One Bad Conversation Habit We Have to Stop Doing

"So, what do you do?"

It's usually the first thing you ask when you're talking to someone new; it satisfies our goal of knowing what their "status" is. We're obsessed with status. It gives us the false comfort that we know something about someone without really knowing anything.

I once asked a friend how he would describe me in front of a potential love interest if he were my wingman. What did he say?

This is my friend Evan, and he goes to school in California... [looks to me] USC, right?
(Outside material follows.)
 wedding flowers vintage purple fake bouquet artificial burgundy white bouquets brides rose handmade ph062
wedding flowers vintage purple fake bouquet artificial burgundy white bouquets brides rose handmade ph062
He’s studying engineering, I think.
— Not a good wingman

Now, I'm sure my female readers are just drooling right now at the thought of me.
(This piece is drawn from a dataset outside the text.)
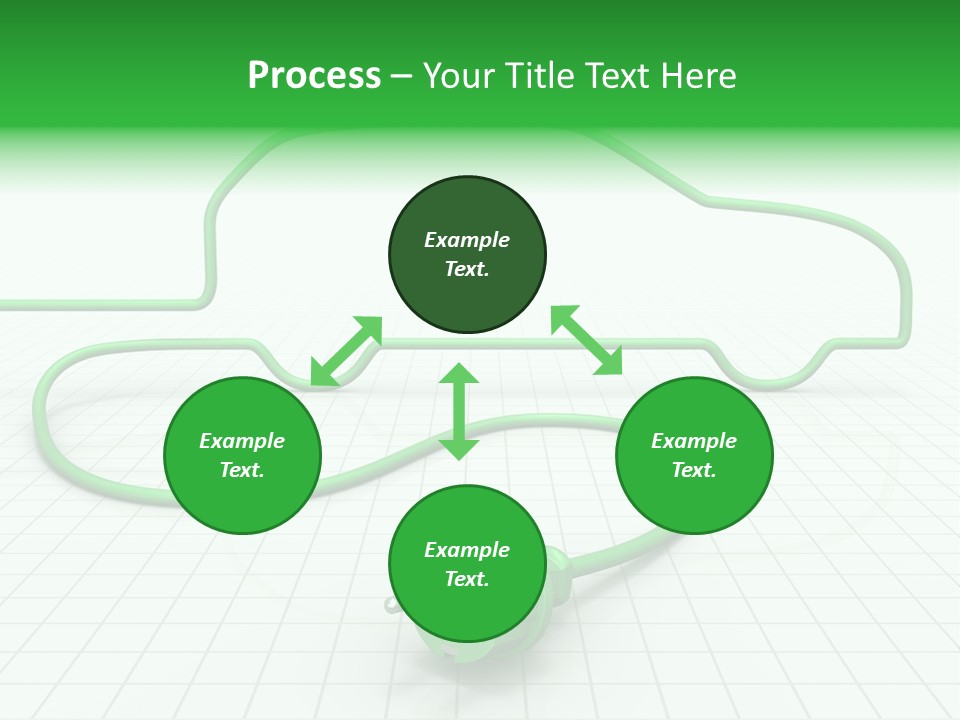 Transport Cable White PowerPoint Template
I'm not kidding that he said this.

Unfortunately, I was not even willing to date myself going by that definition.

He's one of my best buddies, but in that moment, I knew that I would not be getting any if I went out with him -- especially if that's how he was going to describe me.

See what he did wrong was focus on my status -- something millions of people probably have (I mean how many 21-year-old Asians studying engineering in California are there), and he neglected the unique things about me: my personality and story of how I got to where I am.

In fact, we all have these unique things about us, yet we always resort to the same, boring questions:

  • What do you do?
  • What is your job?
  • What college do you go to?
  • What's your major?

All of these are logistical questions that say very little about a person. By asking these questions, you almost reduce a human into a role -- a cog in the wheel that simply fulfills a function.

But humans are not cogs in the wheel -- they are dynamic, unique, and different.

For example, imagine that there are two graphic designers from the same college. They've both done the same internships and have taken the same classes. On paper, they may have similar "statuses" but maybe one has a love for sports while the other has a passion for fashion. And this was because of them growing up in different circumstances, having different interests, and having unique philosophies that guide them to value different things.

You would never be able to tell these differences if you only asked what their status is.

What kind of questions should we ask instead?

Anything that allows you to go deeper into their unique personalities. It's fun to find their rational -- to find their "why". Some examples:

  • What's your story?
  • What's your dream job?
  • What gets you out of bed?
  • Who motivates you?

We are not our statuses. Ask status questions if you must, but figure out their "why" if you want to understand what makes them unique.